Ese capital cometido bastaría para hacer de la semántica el componente teórico axial de la lingüística. Es una auténtica paradoja que esto no haya ocurrido todavía, a pesar de los notables desarrollos contemporáneos de la ciencia del lenguaje y las lenguas. Pero, como sugieren no pocos indicios, parecen gestarse condiciones favorables que habrían de conducir a su «semantización».

A lo mejor es el momento de volver la mirada hacia algunos precedentes a los que la fortuna, por motivos diversos, no les fue auspiciosa. Uno de ellos es el caso del original investigador Alfred Korzybski, quien en 1933 publicó su Science and sanity: An introduction to non-Aristotelian systems and general semantics.

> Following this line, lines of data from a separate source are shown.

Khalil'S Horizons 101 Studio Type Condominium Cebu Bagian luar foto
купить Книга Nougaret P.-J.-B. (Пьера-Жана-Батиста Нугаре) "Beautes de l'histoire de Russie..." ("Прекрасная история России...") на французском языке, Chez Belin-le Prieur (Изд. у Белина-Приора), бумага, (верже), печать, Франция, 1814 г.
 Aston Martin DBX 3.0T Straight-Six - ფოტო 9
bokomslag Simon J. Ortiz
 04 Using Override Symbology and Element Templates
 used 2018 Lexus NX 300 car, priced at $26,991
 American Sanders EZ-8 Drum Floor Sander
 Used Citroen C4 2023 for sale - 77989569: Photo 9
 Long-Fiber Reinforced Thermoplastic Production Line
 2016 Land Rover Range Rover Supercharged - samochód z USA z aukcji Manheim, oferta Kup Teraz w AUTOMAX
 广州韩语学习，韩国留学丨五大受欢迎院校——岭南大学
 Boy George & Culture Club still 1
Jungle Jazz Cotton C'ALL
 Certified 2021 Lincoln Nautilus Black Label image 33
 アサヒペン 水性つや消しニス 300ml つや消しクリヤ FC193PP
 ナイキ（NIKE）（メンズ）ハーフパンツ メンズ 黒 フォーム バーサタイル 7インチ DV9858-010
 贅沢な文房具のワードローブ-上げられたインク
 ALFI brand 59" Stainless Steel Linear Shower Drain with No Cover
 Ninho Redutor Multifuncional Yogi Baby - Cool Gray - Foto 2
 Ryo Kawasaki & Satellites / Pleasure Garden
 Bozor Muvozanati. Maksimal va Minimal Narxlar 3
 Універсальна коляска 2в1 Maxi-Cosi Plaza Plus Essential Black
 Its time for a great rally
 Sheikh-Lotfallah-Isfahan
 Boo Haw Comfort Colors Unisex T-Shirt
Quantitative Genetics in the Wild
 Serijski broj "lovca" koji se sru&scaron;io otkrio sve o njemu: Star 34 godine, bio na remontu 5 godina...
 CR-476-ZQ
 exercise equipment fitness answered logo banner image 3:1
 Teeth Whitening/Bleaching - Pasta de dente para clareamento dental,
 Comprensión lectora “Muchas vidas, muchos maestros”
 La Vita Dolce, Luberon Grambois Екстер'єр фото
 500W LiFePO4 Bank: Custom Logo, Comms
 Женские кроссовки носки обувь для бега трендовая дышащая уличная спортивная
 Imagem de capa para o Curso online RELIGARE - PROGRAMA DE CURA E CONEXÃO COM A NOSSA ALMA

Fue el mismo año en el que apareció el celebérrimo Language de Leonard Bloomfield, manual antisemántico donde los haya con el que en los decenios prechomskyanos se formó la élite lingüística estadounidense y que tanto contribuyó al desinterés por los problemas del significado, proscritos al desacreditado ámbito del mentalismo.

Probablemente Korzybski cifró excesivas esperanzas en el papel que las lenguas podían desempeñar en la solución de los conflictos entre los grupos sociales, cuando atribuía a aquellos un origen semantogénico. No obstante, ¿qué duda cabe de que, al menos en parte, los desacuerdos entre los seres humanos radican en la incompatibilidad de los significados confusos o antagónicos asociados a un mismo significante? Palabras como democracia, justicia, libertad y muchas otras que trufan el discurso político y social, con sus resonancias grandilocuentes, parecen encaminadas a enrarecerlo en vez de hacer de él un instrumento forjador de consensos, o sea, de regímenes… convivenciales, eso sí.


Víctor Rago A., antropólogo y profesor de la Universidad Central de Venezuela.